With that said, are enterprise-level clients really the right audience for you?
They may seem exciting, but that doesn’t mean you’ll make a good fit.
And before an agency can consider you, it must have an allocated budget for your type of services.
But that may not always be the case.
This brings us to our next point…
How the Potential Client Budgets
A primary sales cycle length determining factor is budgeting.
At an enterprise level, it looks something like this: the marketing department tells the financial department what budget they need and what goals they want to accomplish for the following fiscal year.
As already mentioned previously, this leads to having a budget set in stone far in advance. And in many instances, this means awarding agencies within the first 30, 60, or 90 days.
But in those cases, there was already a proposal on the table.
The decision was already made on who the company would work with. So, if you miss that timeline of getting in front of the client or brand, you’re unlikely to get another chance for another fiscal year.
If there’s money left, it won’t be for big projects typical of anchor clients.
Even if a big business were to award a project, it wouldn’t do so easily. Think of all the risk management, interviews, procurement, and RFPs that come with the territory.
Big clients want to know everything about the agency they might work with, from ROI to how much time and how many team members work on the account. It’s all about figuring out if it’s best to use internal resources instead of outsourcing.
In the end, chasing whales can be some of the most anxiety-driven and expensive business you can do.
On the other end of the spectrum, you have SMBs. Imagine going from an 18-months sales cycle down to a 60-days cycle. In some cases, shorter than 30 days, realistically.
Because there aren’t that many hoops to go through before making a decision. You can end up talking directly to the C-level executives and sell them what they need that aligns with their strategy.
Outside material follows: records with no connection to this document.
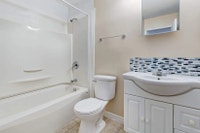 Amenities: Affordable Parking • Fireplace • Walk-In Closets Suite & Building: Spacious bachelor, one... (image 6)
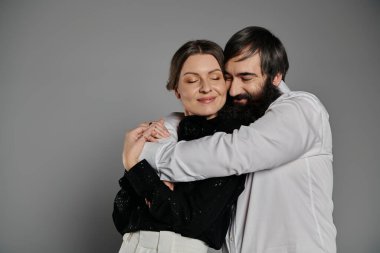 Sofistike giyinmiş sevgi dolu bir çift bir portre için poz verir, birbirlerine şefkatle sarılırlar..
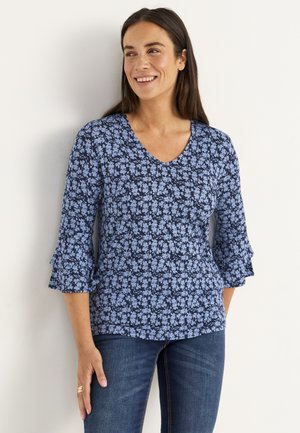 Leende kvinna klädd i en marinblå blommig topp med volanger på 3/4 ärmar och blå jeans, stående mot en vit vägg.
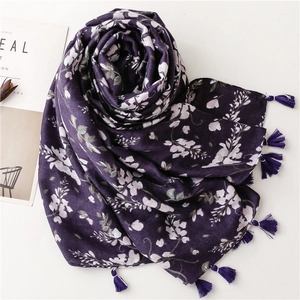Detail of dark purple floral beach shawl with delicate fringe tassels and lightweight fabric
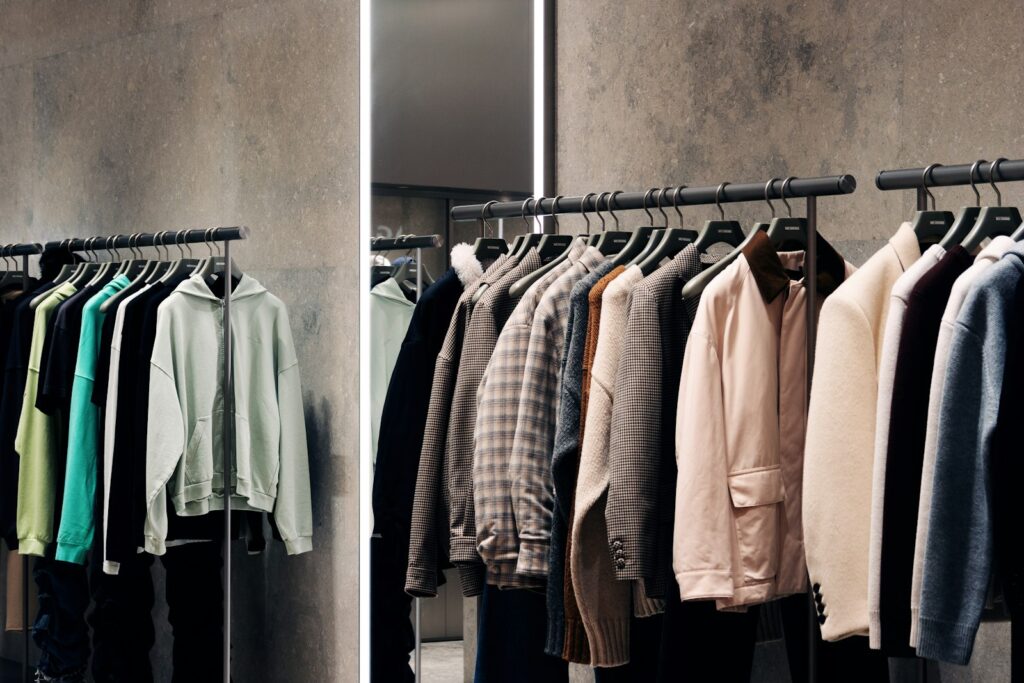 Kleiderständer mit Hemden und Hosen in einem Laden für den Werksverkauf von Textilien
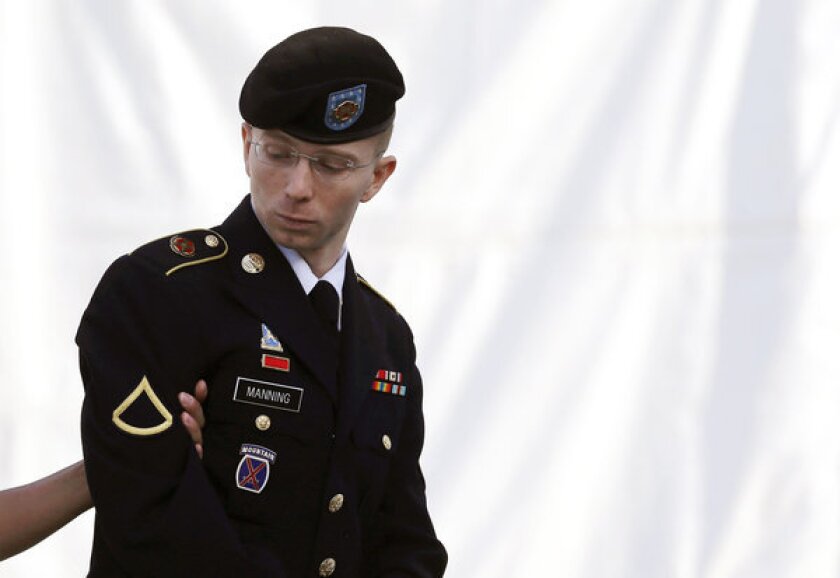 Army Pfc. Bradley Manning is escorted into a courthouse in Fort Meade, Md., on Wednesday.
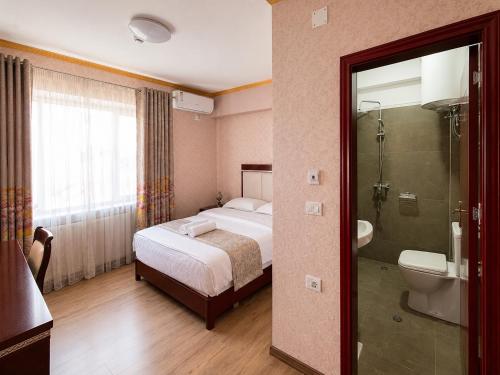 a bedroom with a bed and a shower and a toilet at British Hotel Pogradec in Pogradec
Also, budgets aren’t earmarked as far in advance, and it’s rare to go through risk management. SMBs can reallocate money much easier, which makes the sales cycle quicker.
How to Mitigate the Issue
With that in mind, you don’t have to run away from enterprise clients. If you want to target them, there are ways to mitigate the problem and give your agency a better shot at getting profitable projects.
First of all, you have to get clear on who you’re going after. Understand the target demographic and the type of client who appears to be an ideal client.
From there, you have to dig deeper into how your client operates. How do they function? How do they budget? When do they open up the budgets and accept fresh pitches?
It’s also crucial that you get in front of prospective clients. Get in front of them at the right moment to ensure you can offer a proposal before they close their budgets.
Let’s say one of your ideal clients ends their fiscal year on June 30th. You’d want to have a proposal ready and start a conversation sometime in April. March would be even better. Doing enough research ahead of time may even allow you to open a line of communication come January.
It’s all about giving them time to request and get the budget approved to be able to work with your agency.
Not All Clients are the Same
There isn’t a more accurate statement when it comes to analyzing the length of the sales cycle. No one can stop you from going after the biggest fish in the ocean. But you have to understand that your agency’s cash flow health depends on your revenue pipeline.
Your revenue pipeline depends on your ability to pick the best clients for your business.
Not every agency can survive solely on enterprise-level projects. They’re often hard to land and may not even be as profitable after you factor in the costs of trying to close that type of client.
Get a better understanding of your target audience to give your agency the best chance to succeed. Learn the playing field and how to spot the best opportunity to submit a proposal.